It was further evidence that Railway Journeys has changed for the better over the years, from a programme with an unhealthy interest in rolling stock and bogie configurations to a format that allows its presenters to take an exploratory slice out of a country, a biopsy from which its health might be deduced. Trains are useful diagnostic devices, often cramming together the poor and the rich, the privileged and the powerless, with only a carriage door to separate them.
It was wise of Malan, a white South African who has spent his whole career writing about apartheid, to confess that his encounter with British steam enthusiasts was a collision of incompatible obsessions. Malan was at work here as an omen-spotter, keen to detect glimmers of light in the people and places he visited but more often being thrown into despondency by a news bulletin or an attitude. He was playing Journalist Agonistes here, hard-smoking, hard-drinking and on the road in search of meaning.
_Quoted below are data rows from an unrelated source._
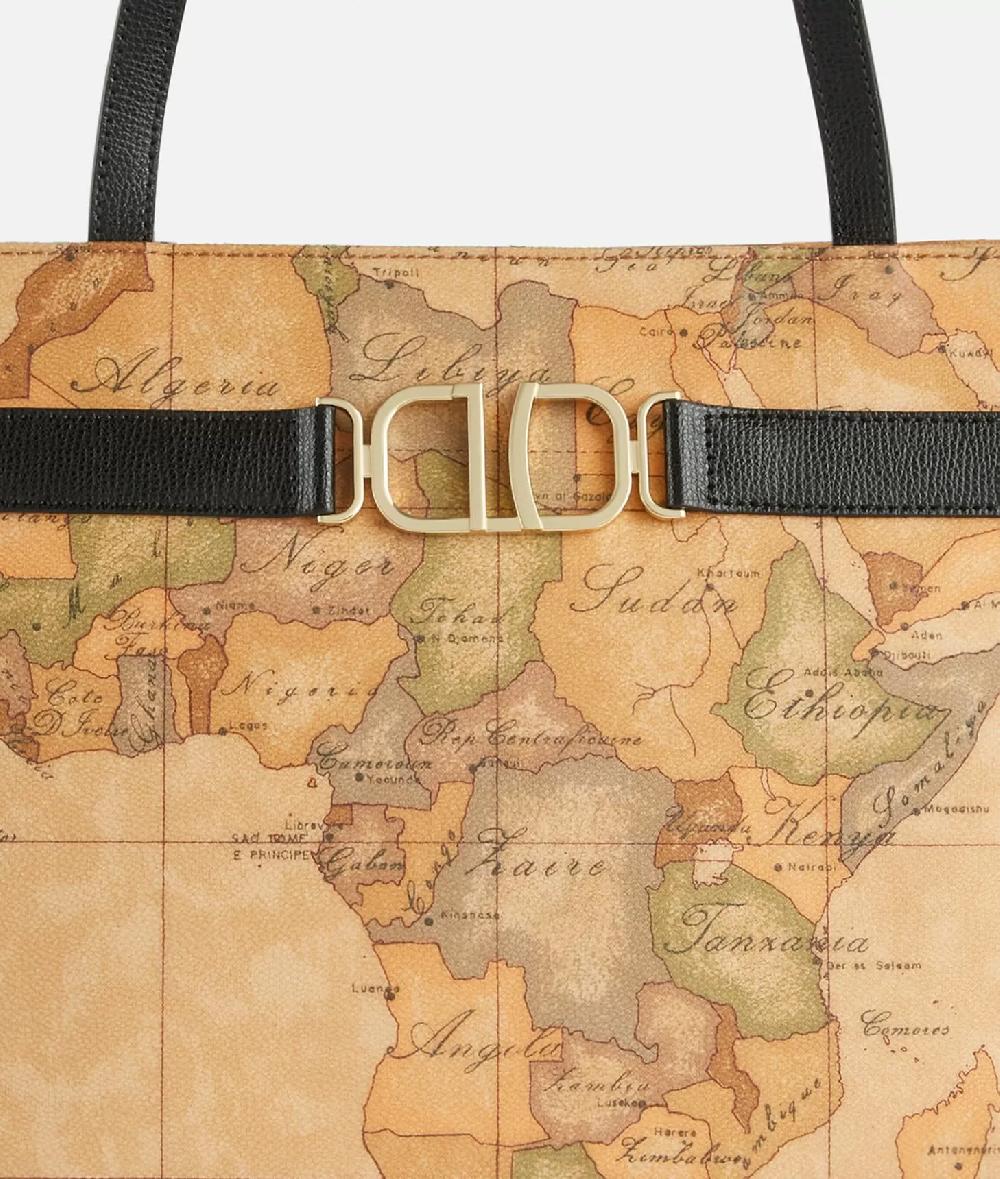 Alviero martini 1a classe 3D Geo borsa shopping Nera Acquista Ora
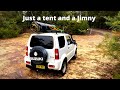 CAMPING WITH MY JIMNY IN THE RAIN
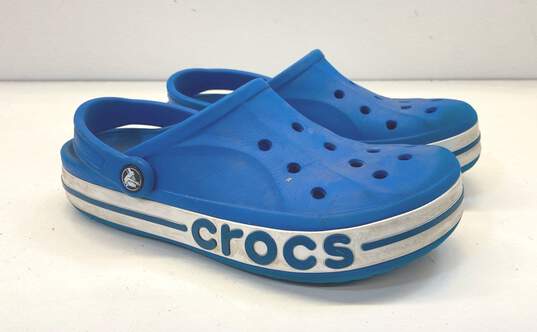 Crocs Bayaband Blue Slide Sandal Unisex Adults 7 image number 1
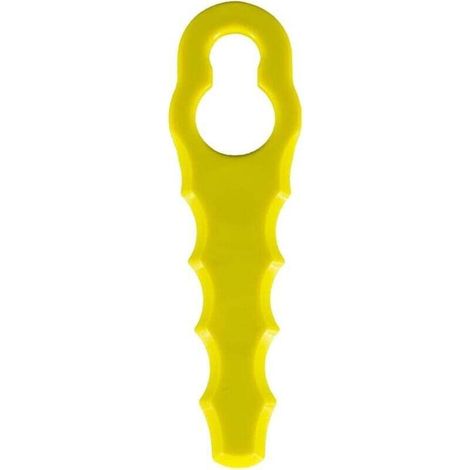 Lot de 100 Lames de Rechange compatible pour Ryobi Coupe Bordure, Têtes Double Lames Dentelées RAC155 RAC157 RAC158 (1/4)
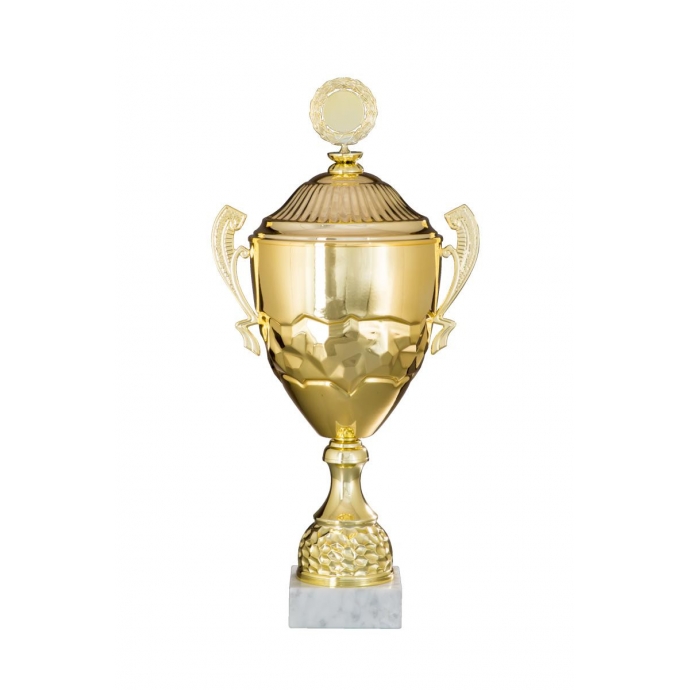 Trophy with attached cap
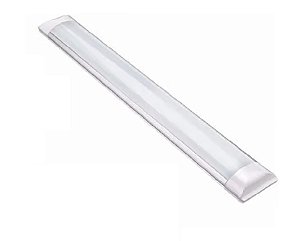 LUMINÁRIA LED SLIM 40W 120CM BRANCO FRIO TOP LIGH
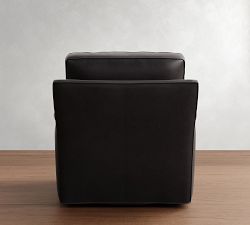 Tyler Square Arm Leather Swivel Chair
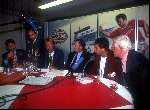Eindhoven, 14 Augustus 1989
Eerste dag Ronaldo 
Frank Arnesen  en Aad de Mos Wim Amels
As he left Cape Town, smoke from riots protesting at the assassination of the ANC leader Chris Hani was still clearing from the sky, to be replaced by the copious charcoal cumulus of a steam locomotive drawing rich tourists northwards. 'There was a whiff of Bosnia in the air,' Malan said with a melancholy air. 'There had to be some good news out there, some light, some hope.'
If you don't like your prose rich then some of this would have been hard to digest. South Africa was 'a huge heap of firewood teeming with incendiaries' and the black gunmen attacking isolated farms in the Drakensburgs were 'the dark ravens of apartheid coming home to roost'. The manner was melodramatic too, a touch of 'down these mean railroads a man must go' in the way Malan was filmed, bag in hand, at isolated stations. But it was never fatal and you never felt that he'd bent the journey to private ends. He ended his film in the Lost City, a dollars 300m extravaganza in Bophuthatswana constructed to look like the remains of a lost African civilisation.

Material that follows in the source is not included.